Drehbuchautor und Regisseur

Regisseur Titus Selge (re.) mit Regieassistentin Tatiana Merizalde Dobles (li.) am Set von „Unterwerfung“ in Paris.
Regisseur Titus Selge mit Regieassistentin Tatiana Merizalde Dobles am Set von „Unterwerfung“ in Paris. | Bild: rbb/NFP / Manon Renier

Dokumentation, Fiktion, Theater, Literatur – wie hält man als Regisseur ein derart vielschichtiges Projekt zusammen?

Auch dieser Film ist aus einer Vielzahl kleinster Entscheidungen entstanden und über einen besonders langen Zeitraum von mehreren Enden her zusammen gewachsen. Durch die Pausen zwischen den Drehblöcken konnten wir uns immer wieder leisten, den Schnitt etwas liegen zu lassen, und mit Abstand neu auf das Ganze schauen. Das ist ein Luxus, den man bei Fernsehfilmen normalerweise nicht hat. Und beim Drehen ging es um die richtige Mischung aus genauester Vorbereitung und der Flexibilität, auf überraschende Bedingungen zu reagieren.

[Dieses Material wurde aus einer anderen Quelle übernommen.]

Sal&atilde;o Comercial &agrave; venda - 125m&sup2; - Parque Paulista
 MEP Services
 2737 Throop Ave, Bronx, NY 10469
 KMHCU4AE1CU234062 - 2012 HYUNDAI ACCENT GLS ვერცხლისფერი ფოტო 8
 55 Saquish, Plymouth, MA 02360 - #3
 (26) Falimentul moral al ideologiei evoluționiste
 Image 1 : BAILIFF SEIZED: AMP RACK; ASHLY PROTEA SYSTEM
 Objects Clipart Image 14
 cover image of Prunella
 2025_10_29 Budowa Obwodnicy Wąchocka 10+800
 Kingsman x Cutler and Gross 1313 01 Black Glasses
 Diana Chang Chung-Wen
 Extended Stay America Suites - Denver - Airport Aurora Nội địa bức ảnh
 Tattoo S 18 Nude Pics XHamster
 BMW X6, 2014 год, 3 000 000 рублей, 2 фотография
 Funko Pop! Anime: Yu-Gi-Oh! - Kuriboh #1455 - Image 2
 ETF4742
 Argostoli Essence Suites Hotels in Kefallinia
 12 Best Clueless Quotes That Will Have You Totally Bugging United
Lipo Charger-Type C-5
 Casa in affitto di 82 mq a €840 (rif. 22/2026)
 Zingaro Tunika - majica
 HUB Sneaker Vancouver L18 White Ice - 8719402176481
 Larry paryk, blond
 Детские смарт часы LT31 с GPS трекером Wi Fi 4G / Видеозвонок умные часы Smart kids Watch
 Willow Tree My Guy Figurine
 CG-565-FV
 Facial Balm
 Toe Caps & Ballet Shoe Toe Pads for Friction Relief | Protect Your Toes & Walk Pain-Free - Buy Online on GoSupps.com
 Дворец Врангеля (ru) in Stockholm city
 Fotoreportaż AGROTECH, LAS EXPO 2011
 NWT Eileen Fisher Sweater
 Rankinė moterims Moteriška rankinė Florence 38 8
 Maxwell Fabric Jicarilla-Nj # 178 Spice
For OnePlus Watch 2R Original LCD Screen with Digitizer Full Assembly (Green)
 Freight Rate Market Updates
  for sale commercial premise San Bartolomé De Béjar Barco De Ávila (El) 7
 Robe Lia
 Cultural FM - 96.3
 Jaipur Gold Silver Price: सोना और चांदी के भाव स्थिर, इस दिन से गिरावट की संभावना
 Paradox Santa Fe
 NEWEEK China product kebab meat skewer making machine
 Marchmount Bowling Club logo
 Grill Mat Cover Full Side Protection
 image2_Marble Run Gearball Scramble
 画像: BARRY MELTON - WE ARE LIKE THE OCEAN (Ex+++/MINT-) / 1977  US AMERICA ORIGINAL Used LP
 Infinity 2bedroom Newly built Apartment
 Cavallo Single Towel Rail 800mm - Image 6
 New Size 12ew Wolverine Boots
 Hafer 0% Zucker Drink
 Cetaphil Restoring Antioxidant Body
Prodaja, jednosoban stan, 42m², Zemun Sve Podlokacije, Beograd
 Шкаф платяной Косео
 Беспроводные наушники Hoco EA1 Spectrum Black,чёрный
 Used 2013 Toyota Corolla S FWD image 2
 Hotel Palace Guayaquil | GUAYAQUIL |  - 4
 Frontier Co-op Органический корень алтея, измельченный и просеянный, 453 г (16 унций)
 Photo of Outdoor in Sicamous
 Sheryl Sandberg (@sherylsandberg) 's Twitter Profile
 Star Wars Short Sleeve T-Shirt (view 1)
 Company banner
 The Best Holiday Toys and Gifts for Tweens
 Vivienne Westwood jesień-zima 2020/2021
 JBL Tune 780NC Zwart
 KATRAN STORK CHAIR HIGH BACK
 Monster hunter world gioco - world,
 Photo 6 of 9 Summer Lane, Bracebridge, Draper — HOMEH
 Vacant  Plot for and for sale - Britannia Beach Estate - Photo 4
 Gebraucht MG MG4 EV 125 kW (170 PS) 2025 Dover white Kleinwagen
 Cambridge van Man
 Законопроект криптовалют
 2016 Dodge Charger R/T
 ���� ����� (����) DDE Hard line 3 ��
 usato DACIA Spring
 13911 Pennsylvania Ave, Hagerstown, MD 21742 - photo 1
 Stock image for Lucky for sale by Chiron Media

Wir wussten zum Beispiel, dass während der beiden Theatervorstellungen, die wir covern wollten, der G20-Gipfel in Hamburg stattfinden würde. Das haben wir zunächst nur als logistisches Problem gesehen. Wie sehr die unheimliche Stimmung in der Stadt sich mit dem Stoff der Unterwerfung verbindet, konnten wir erst vor Ort erkennen. Darum sind wir nach der Vorstellung spontan losgezogen und haben Bilder von den Auseinandersetzungen auf den Straßen gedreht. Am Ende sind einige dieser Momentaufnahmen auch im Film gelandet. Insgesamt bin ich aber selbst erstaunt, wie nahe der fertige Schnitt am ursprünglichen Drehbuch ist. Über zahlreiche Umwege ist die Ahnung von einem möglichen Film schließlich wieder bei sich selbst gelandet.

Haben Sie die Fallhöhe eines solch vielschichtigen Filmes als Glücksfall oder durchaus auch als Bedrohung empfunden?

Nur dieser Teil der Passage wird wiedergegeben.